Here’s the article it links to:

Blackwater seeks Super Tucano acquisition for trainer role

Security and training company Blackwater USA confirmed that it has applied for a license to acquire one Embraer Super Tucano light attack trainer.

The acquisition is on hold pending licensing approval by the US government, a Blackwater spokeswoman said.

The aircraft would launch a new pilot training programme for Blackwater, which provides a broad range of training and operational services for military and law enforcement clients.

Reading the comments by the morons is sort of funny. What are the demographics of Reddit? 14-17 year old males, or so. Here’s a sampling:

–Why would they need a trainer if they were not developing an airforce? Executive thrill-seekers?

I wasn’t aware they did training.

–private contractors 2.0 – now with airforce(tm) !

–I bet they can’t wait to go to Iran.

Kids these days…

Comments

  1. Hell yeah, if you’re going to rely on foreign mercinaries to defend your country they might just as well buy foreign made weapons too. Well, at least in this case they’re cheap crappy foreign weapons. So what happens when Blackwater gets a better deal from the Saudis or Iranians than they get from us? Oh golly gee that would never happen. It’s not like they’re just in this for the money now is it?

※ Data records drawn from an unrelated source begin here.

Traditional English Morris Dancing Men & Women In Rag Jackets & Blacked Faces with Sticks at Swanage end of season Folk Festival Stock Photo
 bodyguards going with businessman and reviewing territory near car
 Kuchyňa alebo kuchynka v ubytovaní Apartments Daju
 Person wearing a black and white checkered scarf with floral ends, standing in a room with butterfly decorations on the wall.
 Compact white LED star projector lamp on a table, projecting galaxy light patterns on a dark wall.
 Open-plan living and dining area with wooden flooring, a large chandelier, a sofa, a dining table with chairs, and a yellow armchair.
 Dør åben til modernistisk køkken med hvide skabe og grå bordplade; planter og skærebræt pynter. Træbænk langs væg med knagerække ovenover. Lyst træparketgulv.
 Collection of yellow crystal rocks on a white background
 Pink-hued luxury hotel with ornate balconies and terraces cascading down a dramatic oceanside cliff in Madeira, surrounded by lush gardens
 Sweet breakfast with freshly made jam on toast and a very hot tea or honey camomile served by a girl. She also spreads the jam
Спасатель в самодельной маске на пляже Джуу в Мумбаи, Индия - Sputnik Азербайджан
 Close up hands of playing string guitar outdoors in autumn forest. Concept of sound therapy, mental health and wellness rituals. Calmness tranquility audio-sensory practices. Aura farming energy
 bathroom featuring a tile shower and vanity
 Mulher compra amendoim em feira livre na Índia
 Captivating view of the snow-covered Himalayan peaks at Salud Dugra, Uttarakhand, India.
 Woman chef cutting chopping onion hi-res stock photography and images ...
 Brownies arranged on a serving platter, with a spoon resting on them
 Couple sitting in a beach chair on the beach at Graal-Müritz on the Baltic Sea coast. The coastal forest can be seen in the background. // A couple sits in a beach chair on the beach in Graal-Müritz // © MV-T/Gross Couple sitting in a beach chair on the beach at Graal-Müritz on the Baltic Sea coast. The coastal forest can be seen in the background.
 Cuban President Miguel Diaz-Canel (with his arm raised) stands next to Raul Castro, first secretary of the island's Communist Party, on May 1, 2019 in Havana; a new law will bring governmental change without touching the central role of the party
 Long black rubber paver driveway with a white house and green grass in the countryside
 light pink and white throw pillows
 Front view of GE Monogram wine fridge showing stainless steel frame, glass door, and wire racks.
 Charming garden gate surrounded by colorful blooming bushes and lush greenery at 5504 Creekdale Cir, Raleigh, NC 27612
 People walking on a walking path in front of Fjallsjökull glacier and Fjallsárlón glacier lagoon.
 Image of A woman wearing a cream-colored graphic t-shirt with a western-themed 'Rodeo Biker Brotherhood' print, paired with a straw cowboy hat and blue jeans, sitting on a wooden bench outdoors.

  2. Great, rent-an-agressor. They already get paid to be the bad guys. When did this country become such a bunch of Polyanna’s? We pay contractors profit on development because we know they’d never drag that out. We let illegals stream across our borders because they only have our best interests at heart. We outsource our weapons because natually everyone wants to sell the best weapons to us. The world loves us and nothing can ever possibly go wrong. If you don’t believe that, just ask any American.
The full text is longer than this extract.